Task material START

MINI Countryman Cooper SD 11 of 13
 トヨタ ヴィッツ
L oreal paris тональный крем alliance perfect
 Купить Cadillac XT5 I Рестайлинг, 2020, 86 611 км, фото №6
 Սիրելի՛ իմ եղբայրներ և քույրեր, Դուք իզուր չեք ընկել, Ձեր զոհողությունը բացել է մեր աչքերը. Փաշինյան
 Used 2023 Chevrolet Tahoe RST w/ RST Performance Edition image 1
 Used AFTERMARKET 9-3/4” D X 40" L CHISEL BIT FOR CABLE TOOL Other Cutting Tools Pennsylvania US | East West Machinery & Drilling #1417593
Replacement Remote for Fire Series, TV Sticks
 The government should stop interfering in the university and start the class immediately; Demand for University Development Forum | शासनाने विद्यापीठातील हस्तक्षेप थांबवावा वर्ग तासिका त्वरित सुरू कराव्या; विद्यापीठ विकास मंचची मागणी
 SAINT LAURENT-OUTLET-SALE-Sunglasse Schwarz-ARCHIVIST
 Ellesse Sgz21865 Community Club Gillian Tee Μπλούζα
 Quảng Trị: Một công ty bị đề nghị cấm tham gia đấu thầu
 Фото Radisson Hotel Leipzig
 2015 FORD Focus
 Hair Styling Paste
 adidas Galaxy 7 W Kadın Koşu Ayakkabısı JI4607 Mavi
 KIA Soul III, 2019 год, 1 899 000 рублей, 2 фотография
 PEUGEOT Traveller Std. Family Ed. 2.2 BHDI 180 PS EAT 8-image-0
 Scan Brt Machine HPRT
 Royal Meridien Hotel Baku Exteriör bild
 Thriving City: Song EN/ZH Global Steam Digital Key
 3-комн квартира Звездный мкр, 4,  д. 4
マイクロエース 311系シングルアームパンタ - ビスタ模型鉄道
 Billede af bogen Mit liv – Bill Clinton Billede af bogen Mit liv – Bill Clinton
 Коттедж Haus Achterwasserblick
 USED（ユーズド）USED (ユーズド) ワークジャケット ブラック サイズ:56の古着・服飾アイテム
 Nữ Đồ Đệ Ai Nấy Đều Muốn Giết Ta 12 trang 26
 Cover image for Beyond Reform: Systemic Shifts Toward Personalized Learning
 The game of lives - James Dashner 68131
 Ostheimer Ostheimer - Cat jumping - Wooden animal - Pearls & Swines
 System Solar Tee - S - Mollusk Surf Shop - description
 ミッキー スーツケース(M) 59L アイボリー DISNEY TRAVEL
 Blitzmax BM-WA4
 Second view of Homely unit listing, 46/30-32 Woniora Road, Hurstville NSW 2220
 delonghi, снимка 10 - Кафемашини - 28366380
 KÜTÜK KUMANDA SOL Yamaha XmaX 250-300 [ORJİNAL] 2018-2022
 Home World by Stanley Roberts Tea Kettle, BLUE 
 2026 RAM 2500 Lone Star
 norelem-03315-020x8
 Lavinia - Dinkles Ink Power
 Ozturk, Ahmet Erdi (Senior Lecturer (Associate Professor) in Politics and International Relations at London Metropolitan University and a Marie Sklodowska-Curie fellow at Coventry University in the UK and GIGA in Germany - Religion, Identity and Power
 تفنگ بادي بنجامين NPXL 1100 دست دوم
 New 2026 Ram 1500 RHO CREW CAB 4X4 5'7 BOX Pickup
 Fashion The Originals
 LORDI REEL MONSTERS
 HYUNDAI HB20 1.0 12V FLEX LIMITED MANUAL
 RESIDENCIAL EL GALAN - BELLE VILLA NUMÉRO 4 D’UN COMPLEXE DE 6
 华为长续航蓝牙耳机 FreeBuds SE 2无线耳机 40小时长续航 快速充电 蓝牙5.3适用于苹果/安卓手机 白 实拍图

Task material END

_What the task asks_
Return exactly, and only, the lines above starting at the line that contains "Hair Styling Paste" and ending at the line that contains "Nữ Đồ Đệ Ai Nấy Đều Muốn Giết Ta 12 trang 26".

_Answer to the exercise_
 Hair Styling Paste
 adidas Galaxy 7 W Kadın Koşu Ayakkabısı JI4607 Mavi
 KIA Soul III, 2019 год, 1 899 000 рублей, 2 фотография
 PEUGEOT Traveller Std. Family Ed. 2.2 BHDI 180 PS EAT 8-image-0
 Scan Brt Machine HPRT
 Royal Meridien Hotel Baku Exteriör bild
 Thriving City: Song EN/ZH Global Steam Digital Key
 3-комн квартира Звездный мкр, 4,  д. 4
マイクロエース 311系シングルアームパンタ - ビスタ模型鉄道
 Billede af bogen Mit liv – Bill Clinton Billede af bogen Mit liv – Bill Clinton
 Коттедж Haus Achterwasserblick
 USED（ユーズド）USED (ユーズド) ワークジャケット ブラック サイズ:56の古着・服飾アイテム
 Nữ Đồ Đệ Ai Nấy Đều Muốn Giết Ta 12 trang 26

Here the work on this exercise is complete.